The District benefits from two main strategic routes, the A127 and the A130, which both act as economic corridors and provide connectivity beyond our borders to Southend, Basildon, London and Chelmsford via the A12, A13 and M25. These are supported by a network of important inter-urban routes, including the A129, A1015, A1245, B1013, Rawreth Lane, Ashingdon Road and Lower Road, which together connect our towns and villages to one another. Rochford's road network is known to have congestion issues primarily focussed along the main routes detailed above and at key junctions along those routes. Many of the District's congestion issues arise from the relatively few alternatives that residents have, particularly to make north-south journeys. In some cases, towns and villages are only connected by one viable route which often becomes congested at key times.
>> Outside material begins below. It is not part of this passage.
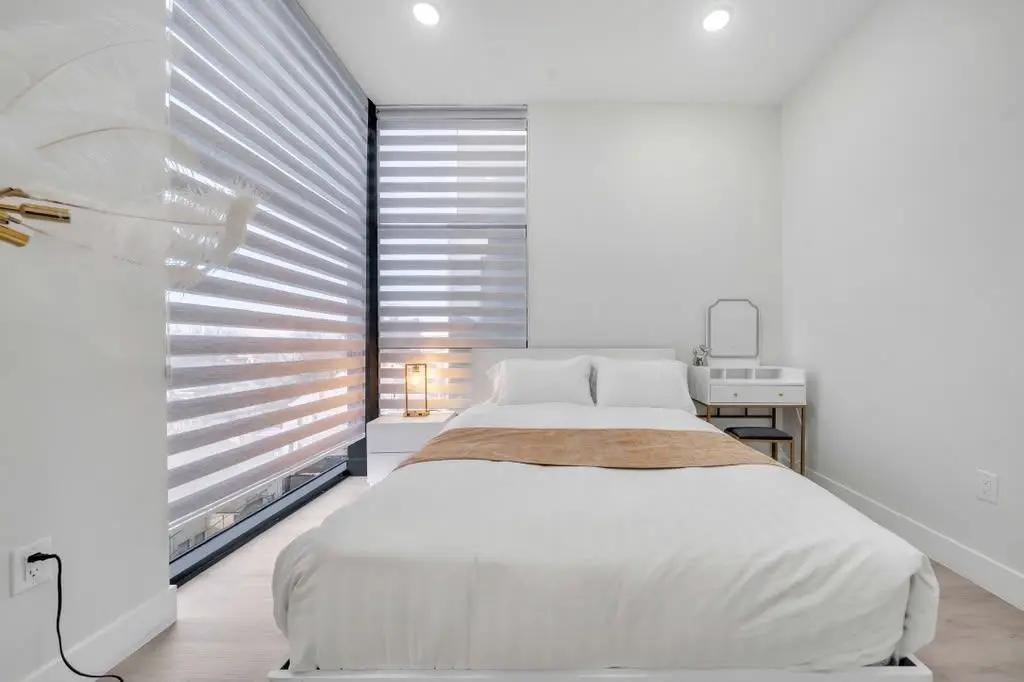 Bedroom with white bed, tan throw and a large corner window with blinds, Residence 407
It is recognised from feedback from the Issues and Options consultation that many residents experience major congestion on our road network and feel that the road network has not kept up with increased demand in recent years. Whilst new developments can only mitigate their own impact, and not existing congestion, it is clear that a more ambitious approach is required to connectivity if we are to keep growing. We must work with Government, Highways England, Essex County Council and neighbouring local authorities to make sure we can attract investment to deliver real change, including a potential South Essex Rapid Transit system, new link roads and junction improvements. Plans already exist for improvements to the Fairglen interchange to improve journey time reliability when interchanging between the A127, A1245 and A130, whilst an A127 taskforce has been established to explore long-term options for improving journey time reliability on this key corridor. Whilst road and junction improvements will be an important part of the plan, a strategy based solely around the private car is likely to simply reinforce current trends, and we must put in place complementary measures that deliver a modal shift in both existing and new communities towards more sustainable options wherever possible.
 

OPTIONS - Non-exclusive options for addressing transport and connectivity through the plan are to:

  1. Embed a sustainable movement hierarchy into the plan to ensure sustainable modes of transport are prioritised in favour of private vehicles
  2. Prepare an Infrastructure Delivery Plan alongside the plan to ensure new development delivers meaningful improvements to transport networks, including to cycling, walking, public transport and road
  3. Prepare a Local Walking and Cycling Infrastructure Plan or Cycling Delivery Plan alongside the plan to identify and deliver specific improvements to our walking and cycling networks, including costed schemes highlighted in the Rochford Cycling Action Plan
  4. Work with Government, Highways England, Essex County Council and neighbouring local authorities to deliver meaningful new transport options, such as rapid transit
(57) Q51. With reference to the options above, or your own options, how do you feel we can best address our transport and connectivity needs through the plan? [Please state reasoning]
(85) Q52. Are there areas where improvements to transport connections are needed? What could be done to help improve connectivity in these areas?
(31) Q53. With reference to your preferred Strategy Option, are there opportunities for growth to deliver new transport connections, such as link roads or rapid transit? What routes and modes should these take? [walking, cycling, rail, bus, road etc.]